What are your access privelages on that computer? Is the computer a network or public computer?


----------



## Zack Barresse (Jul 25, 2004)

Joseph,

You may have a corrupt XLB file and/or Normal.dot template. The Excel toolbars are stored in Excel.xlb file and located in your hidden office files in (I believe) application data. Search for this file, delete it. Ensure Excel is closed when you do this. Restart Excel (a new xlb file will automatically be created). Sometimes this file gets bloated and out of control. This also means you will have to re-arrange your toolbars yet again as they will revert to default formation(s). The xlb file shouldn't be more than a few hundred kb in size.

HTH


----------



## JHY-IC (Feb 9, 2005)

I have administrative privileges on this computer as it is my own personal laptop [Dell 8100 Inspiron].

Thanks HTH, I'll delete the normal.dot and restart, ad I'll let you know if this works.

BTW, I've added some add-ins for Excel, and it is these add-ins that keep arranging themselves.


----------



## Zack Barresse (Jul 25, 2004)

So the default toolbars don't re-arrange themselves?? The add-ins _will_ re-arrange themselves (mostly). In general, add-in menus are programmatically added and deleted. A standard practice is to delete it when the add-in closes (which is generally when the application [Excel] is closed) and add it when the add-in opens (when the application [Excel] opens).

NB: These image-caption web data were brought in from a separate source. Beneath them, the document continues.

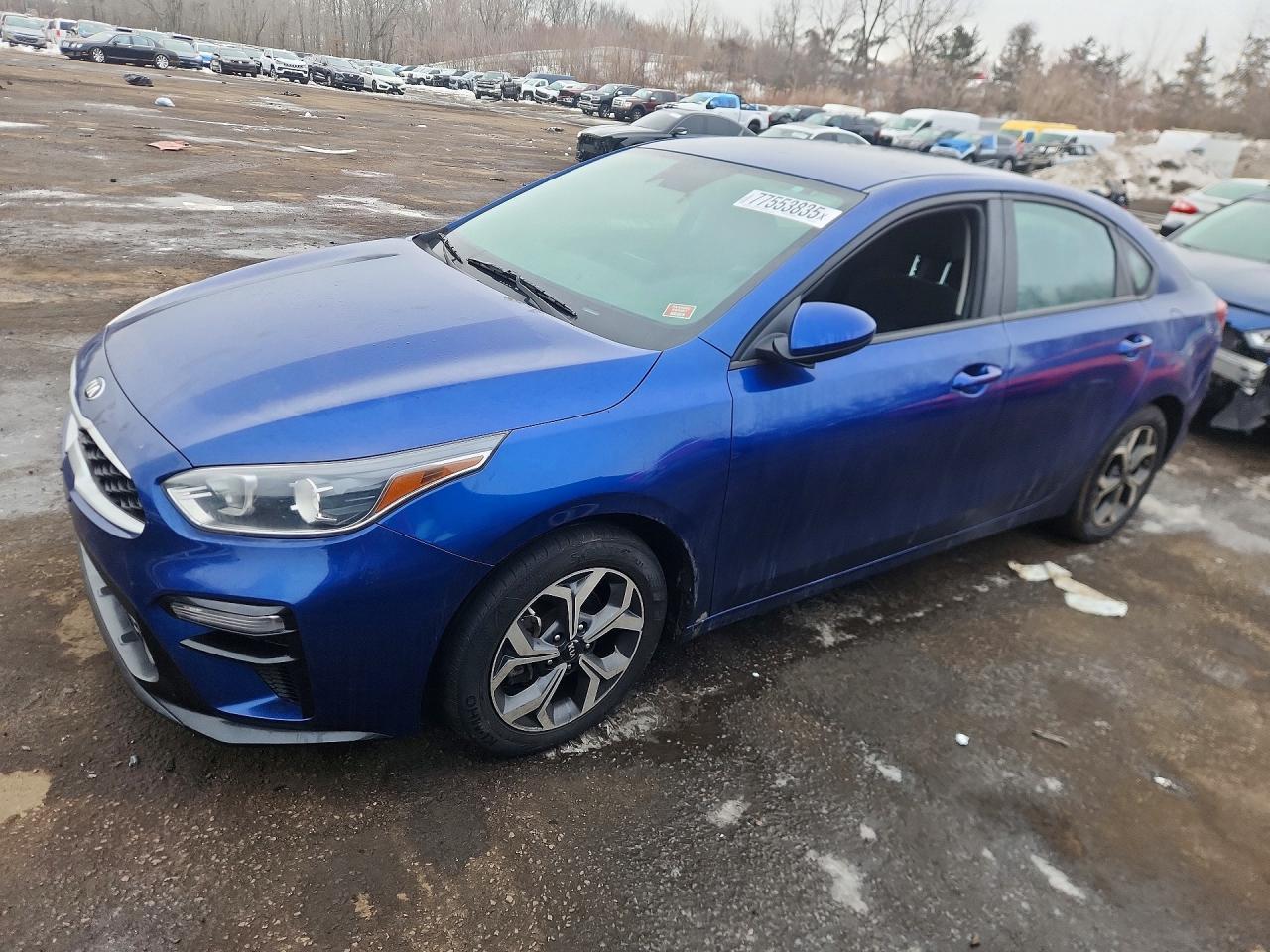 2021 KIA FORTE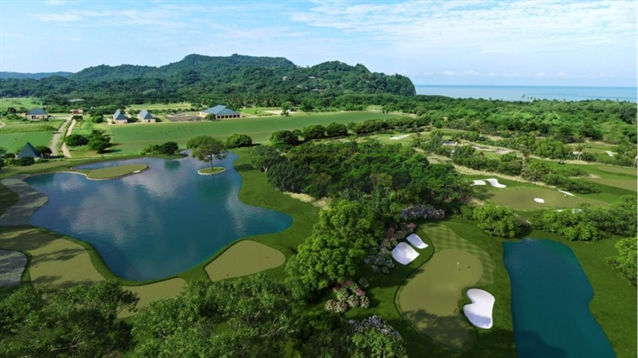 Mandarina opens new short course by Greg Norman’s design firm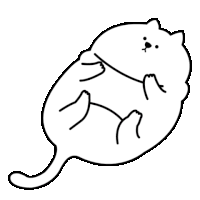 Companion Animal Kitty Sticker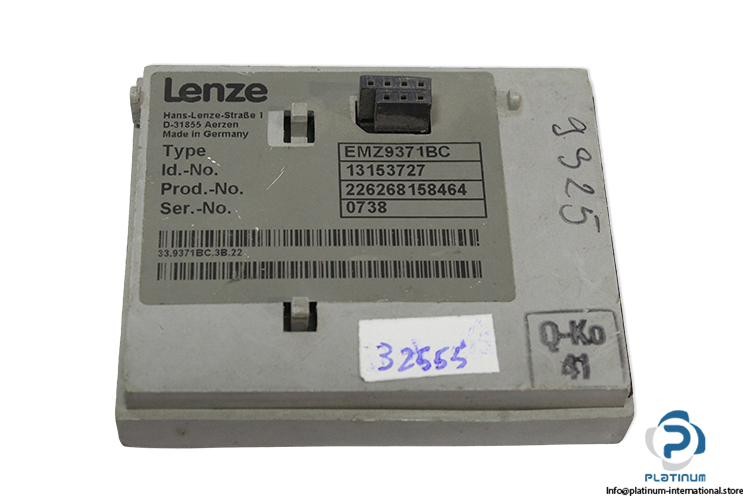 lenze-EMZ9371BC-keypad-operation-module-(Used)-2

To fix this, you'll need scripting rights to the add-ins. It's really no easy task, but you must find where the command bar(s) are added and set their temporary parameter to false. Then you must change the close routine to only delete upon add-in uninstall. There are pros and cons that come with this and can be difficult sometimes.

If you do not have access to the add-ins code, then you're pretty much out of luck. You may want to find out who wrote them and contact them on the issue. I do not recommend hacking the VBA password, even though it is fairly weak; hacking is not a good practice and should never be done.

We'd be willing to help you here with your issues, but you'd need to post the code, which you'd need access to again. If you want, I could walk you through it on the phone (I have free incoming minutes  , pm for number if you'd like).


----------